Creating Jittered Scatterplots in BI Office 6
by Tim Andrews , Power User of BI Office
When tasked with visualizing a relationship between a continuous and more discrete variable, a jittered scatterplot can be a necessary evil. Used regularly by many analysts, the jittering effect is built into the ggplot2 library in R. By plotting the MPG dataset in R (cylinder count by highway MPG), we can quickly see that data points are lying directly on top of each other, masking information about the number of observations and highway MPG clusters. The jittering effect provides more clarity.

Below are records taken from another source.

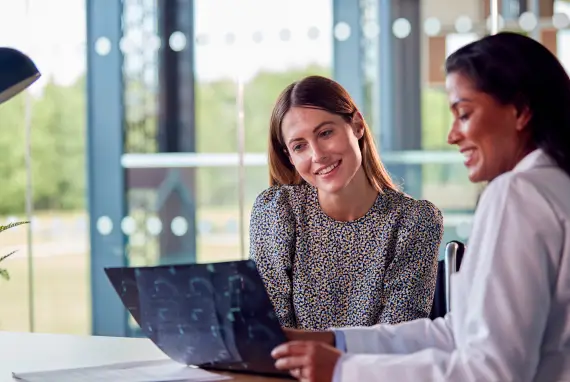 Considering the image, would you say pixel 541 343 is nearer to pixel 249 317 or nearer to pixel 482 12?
pixel 249 317

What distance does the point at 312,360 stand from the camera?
150cm

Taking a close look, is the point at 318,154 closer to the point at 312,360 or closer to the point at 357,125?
the point at 357,125

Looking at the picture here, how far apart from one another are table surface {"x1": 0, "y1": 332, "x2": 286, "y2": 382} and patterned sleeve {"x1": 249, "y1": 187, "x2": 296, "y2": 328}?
0.39 metres

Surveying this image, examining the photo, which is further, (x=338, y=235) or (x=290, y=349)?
(x=338, y=235)

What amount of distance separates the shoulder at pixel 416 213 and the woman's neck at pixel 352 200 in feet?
0.21

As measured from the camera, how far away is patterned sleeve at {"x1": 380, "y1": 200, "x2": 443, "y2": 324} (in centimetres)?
234

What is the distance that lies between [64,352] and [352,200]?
0.84 metres

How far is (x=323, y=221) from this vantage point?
8.18 feet

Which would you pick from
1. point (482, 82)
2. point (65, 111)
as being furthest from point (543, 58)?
point (65, 111)

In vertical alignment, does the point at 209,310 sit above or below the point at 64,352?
above

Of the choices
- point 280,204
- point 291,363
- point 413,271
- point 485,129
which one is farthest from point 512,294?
point 280,204

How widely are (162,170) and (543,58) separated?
10.8 feet

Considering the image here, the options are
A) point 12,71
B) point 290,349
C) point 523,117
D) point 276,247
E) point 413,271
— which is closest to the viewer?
point 523,117

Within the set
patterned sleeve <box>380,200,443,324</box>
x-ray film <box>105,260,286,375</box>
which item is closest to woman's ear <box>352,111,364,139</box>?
patterned sleeve <box>380,200,443,324</box> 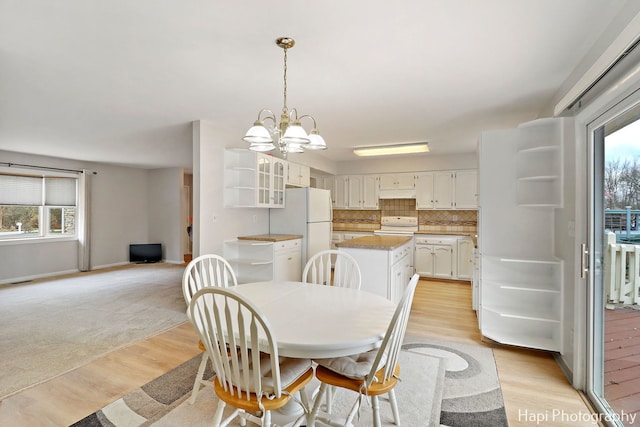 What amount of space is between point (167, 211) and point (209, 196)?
4.50 m

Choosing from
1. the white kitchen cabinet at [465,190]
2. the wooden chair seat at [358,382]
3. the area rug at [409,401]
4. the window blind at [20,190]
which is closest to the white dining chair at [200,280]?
the area rug at [409,401]

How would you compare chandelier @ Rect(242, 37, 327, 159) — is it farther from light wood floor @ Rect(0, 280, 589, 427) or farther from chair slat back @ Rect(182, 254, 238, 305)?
light wood floor @ Rect(0, 280, 589, 427)

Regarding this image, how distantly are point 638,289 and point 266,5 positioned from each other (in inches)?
95.7

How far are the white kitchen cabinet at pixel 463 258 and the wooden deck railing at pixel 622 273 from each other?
11.9 ft

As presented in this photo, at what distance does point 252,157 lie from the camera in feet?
13.9

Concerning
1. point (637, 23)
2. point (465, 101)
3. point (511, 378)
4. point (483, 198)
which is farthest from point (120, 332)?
point (637, 23)

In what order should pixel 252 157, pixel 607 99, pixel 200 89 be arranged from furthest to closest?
pixel 252 157
pixel 200 89
pixel 607 99

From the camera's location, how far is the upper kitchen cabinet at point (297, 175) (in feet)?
16.8

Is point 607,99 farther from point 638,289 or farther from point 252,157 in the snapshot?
point 252,157

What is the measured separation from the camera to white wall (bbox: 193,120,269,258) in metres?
3.77

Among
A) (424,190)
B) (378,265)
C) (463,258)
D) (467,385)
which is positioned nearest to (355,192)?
(424,190)

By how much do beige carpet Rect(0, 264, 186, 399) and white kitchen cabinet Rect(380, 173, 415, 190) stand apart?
431 cm

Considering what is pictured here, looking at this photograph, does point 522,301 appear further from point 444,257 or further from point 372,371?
point 444,257

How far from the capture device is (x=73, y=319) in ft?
12.2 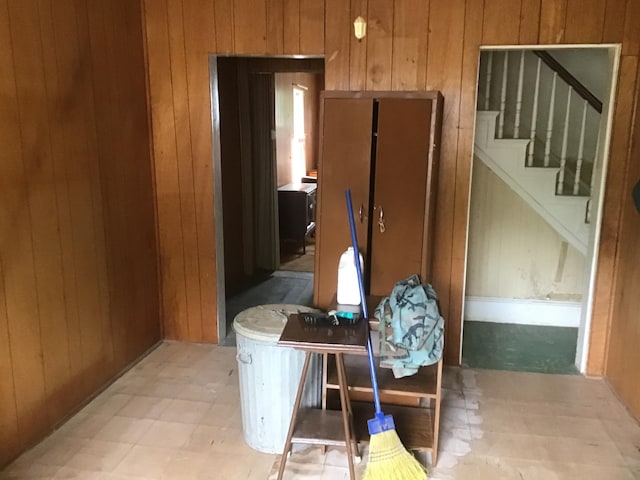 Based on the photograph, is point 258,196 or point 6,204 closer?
point 6,204

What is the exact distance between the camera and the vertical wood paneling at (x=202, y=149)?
3271 millimetres

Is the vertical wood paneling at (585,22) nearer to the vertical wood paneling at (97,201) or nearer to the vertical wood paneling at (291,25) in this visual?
the vertical wood paneling at (291,25)

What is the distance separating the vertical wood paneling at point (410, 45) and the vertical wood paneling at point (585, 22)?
77 cm

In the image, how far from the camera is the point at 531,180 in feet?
12.8

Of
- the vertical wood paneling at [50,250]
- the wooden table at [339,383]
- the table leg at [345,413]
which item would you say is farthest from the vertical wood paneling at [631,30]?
the vertical wood paneling at [50,250]

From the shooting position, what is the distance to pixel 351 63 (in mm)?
3146

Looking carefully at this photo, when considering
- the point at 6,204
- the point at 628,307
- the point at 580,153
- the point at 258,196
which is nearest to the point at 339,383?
the point at 6,204

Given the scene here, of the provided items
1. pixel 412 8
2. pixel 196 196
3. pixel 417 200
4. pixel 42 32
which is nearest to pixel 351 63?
pixel 412 8

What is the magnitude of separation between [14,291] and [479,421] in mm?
2294

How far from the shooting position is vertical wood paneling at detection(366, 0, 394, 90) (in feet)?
10.0

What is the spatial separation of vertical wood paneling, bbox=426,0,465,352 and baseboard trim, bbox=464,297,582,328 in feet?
3.43

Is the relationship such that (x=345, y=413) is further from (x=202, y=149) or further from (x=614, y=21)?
(x=614, y=21)

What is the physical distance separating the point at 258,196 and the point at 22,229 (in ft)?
10.3

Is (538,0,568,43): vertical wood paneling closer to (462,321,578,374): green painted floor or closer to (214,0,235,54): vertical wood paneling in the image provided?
(214,0,235,54): vertical wood paneling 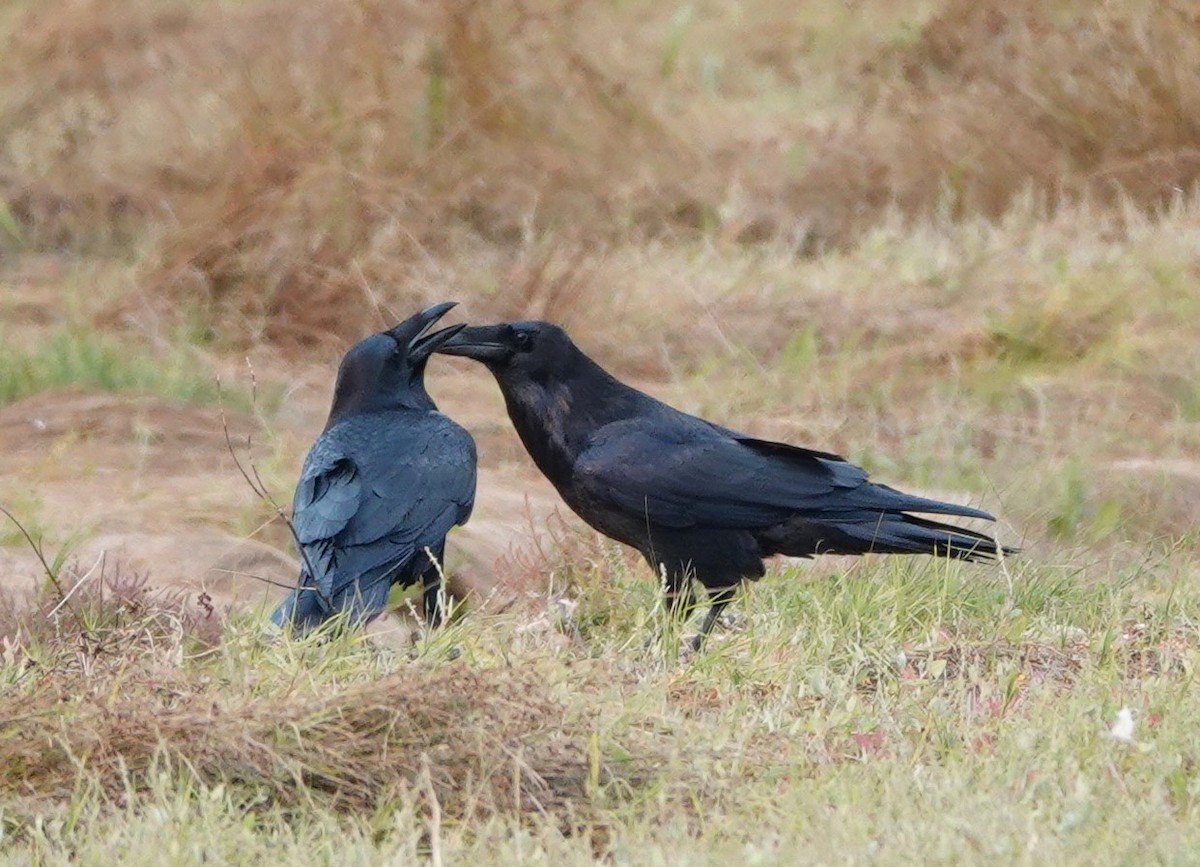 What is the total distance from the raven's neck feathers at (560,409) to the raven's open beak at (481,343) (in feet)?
0.21

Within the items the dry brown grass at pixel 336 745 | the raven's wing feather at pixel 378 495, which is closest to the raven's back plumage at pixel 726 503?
the raven's wing feather at pixel 378 495

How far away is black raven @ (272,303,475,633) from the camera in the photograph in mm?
4734

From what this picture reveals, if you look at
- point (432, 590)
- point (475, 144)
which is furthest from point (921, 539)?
point (475, 144)

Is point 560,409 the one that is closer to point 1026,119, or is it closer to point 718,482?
point 718,482

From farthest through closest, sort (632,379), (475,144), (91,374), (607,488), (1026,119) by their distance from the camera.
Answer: (1026,119), (475,144), (632,379), (91,374), (607,488)

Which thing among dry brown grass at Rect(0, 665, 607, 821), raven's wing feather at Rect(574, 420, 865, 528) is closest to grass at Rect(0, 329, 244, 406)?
raven's wing feather at Rect(574, 420, 865, 528)

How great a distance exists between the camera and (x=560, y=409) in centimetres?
529

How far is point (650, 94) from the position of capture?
11578mm

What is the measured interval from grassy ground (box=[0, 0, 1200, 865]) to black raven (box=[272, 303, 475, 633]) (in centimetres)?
20

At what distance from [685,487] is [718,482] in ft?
0.31

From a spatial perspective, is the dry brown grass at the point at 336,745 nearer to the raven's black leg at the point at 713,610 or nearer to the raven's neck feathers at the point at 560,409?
the raven's black leg at the point at 713,610

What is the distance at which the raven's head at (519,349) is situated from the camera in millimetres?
5332

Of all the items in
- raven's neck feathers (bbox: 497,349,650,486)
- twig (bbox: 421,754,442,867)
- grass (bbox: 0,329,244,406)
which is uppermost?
raven's neck feathers (bbox: 497,349,650,486)

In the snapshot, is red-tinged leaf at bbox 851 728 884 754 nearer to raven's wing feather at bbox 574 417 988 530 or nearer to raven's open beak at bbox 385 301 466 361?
raven's wing feather at bbox 574 417 988 530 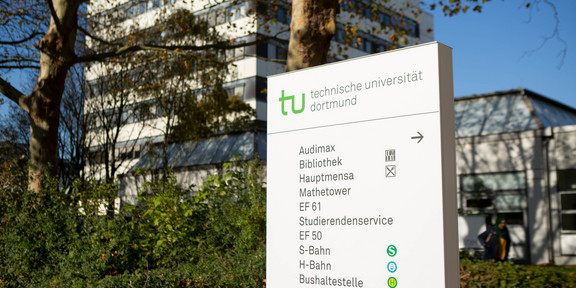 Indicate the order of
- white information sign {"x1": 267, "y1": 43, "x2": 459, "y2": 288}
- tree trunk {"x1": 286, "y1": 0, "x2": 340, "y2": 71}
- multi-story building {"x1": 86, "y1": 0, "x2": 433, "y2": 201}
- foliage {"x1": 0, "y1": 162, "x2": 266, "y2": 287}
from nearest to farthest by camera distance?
white information sign {"x1": 267, "y1": 43, "x2": 459, "y2": 288} → foliage {"x1": 0, "y1": 162, "x2": 266, "y2": 287} → tree trunk {"x1": 286, "y1": 0, "x2": 340, "y2": 71} → multi-story building {"x1": 86, "y1": 0, "x2": 433, "y2": 201}

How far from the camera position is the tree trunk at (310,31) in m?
9.21

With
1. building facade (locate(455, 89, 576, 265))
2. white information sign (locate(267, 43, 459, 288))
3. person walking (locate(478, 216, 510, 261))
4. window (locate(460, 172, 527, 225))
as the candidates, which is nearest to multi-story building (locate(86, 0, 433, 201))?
building facade (locate(455, 89, 576, 265))

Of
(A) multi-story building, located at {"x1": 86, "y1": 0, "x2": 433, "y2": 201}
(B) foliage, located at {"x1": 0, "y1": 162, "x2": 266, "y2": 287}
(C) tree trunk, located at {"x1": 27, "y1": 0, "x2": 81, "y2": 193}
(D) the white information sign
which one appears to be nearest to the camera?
(D) the white information sign

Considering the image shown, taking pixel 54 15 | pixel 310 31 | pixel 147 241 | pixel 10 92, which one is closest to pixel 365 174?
pixel 310 31

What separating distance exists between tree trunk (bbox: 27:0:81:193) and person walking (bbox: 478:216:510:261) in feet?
38.9

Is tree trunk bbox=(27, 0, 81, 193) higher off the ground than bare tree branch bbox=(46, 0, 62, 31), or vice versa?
bare tree branch bbox=(46, 0, 62, 31)

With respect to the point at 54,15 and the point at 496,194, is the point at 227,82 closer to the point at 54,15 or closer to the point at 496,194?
the point at 496,194

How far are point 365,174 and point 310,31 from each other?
635cm

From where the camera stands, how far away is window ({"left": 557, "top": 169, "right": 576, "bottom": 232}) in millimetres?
23016

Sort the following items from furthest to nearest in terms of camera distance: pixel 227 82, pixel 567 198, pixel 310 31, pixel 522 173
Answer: pixel 227 82 → pixel 522 173 → pixel 567 198 → pixel 310 31

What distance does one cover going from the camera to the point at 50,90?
13.8 m

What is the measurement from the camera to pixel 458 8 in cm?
1460

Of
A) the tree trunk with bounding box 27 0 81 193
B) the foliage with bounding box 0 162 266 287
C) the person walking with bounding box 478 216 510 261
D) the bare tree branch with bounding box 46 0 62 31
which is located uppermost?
the bare tree branch with bounding box 46 0 62 31

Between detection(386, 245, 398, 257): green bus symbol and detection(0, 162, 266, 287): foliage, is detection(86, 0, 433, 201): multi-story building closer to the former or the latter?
detection(0, 162, 266, 287): foliage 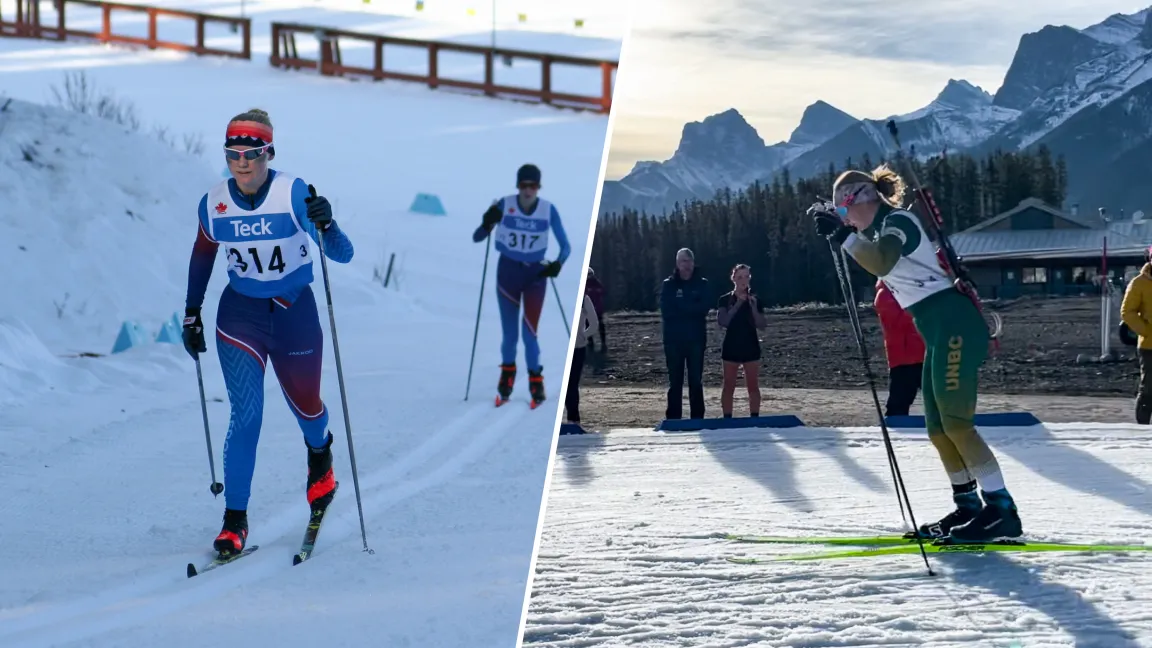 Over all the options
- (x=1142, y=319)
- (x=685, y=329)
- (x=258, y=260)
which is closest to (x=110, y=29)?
(x=685, y=329)

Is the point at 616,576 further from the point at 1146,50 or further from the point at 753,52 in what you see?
the point at 1146,50

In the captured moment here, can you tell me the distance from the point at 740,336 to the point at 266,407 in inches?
71.0

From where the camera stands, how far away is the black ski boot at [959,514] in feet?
7.84

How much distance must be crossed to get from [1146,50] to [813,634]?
93.9 inches

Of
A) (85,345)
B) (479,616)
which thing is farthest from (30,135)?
(479,616)

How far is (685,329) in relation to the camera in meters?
3.68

A similar effect can be accomplished in BI Office 6 by using custom calculated measures and MDX. Using the same MPG dataset, we are able to render a scattlerplot in BI Office. This scatterplot suffers from the same design challenges as the first R plot – much of the interesting information is masked on the x axis when we use an integer value such as the number of cylinders. We can clearly see that we have many observations for 4, 6, and 8-cylinder engines, along with probably fewer 5-cylinder engines. We don’t have a good read on exactly how many cars we are measuring, or if there are clusters against certain MPG levels.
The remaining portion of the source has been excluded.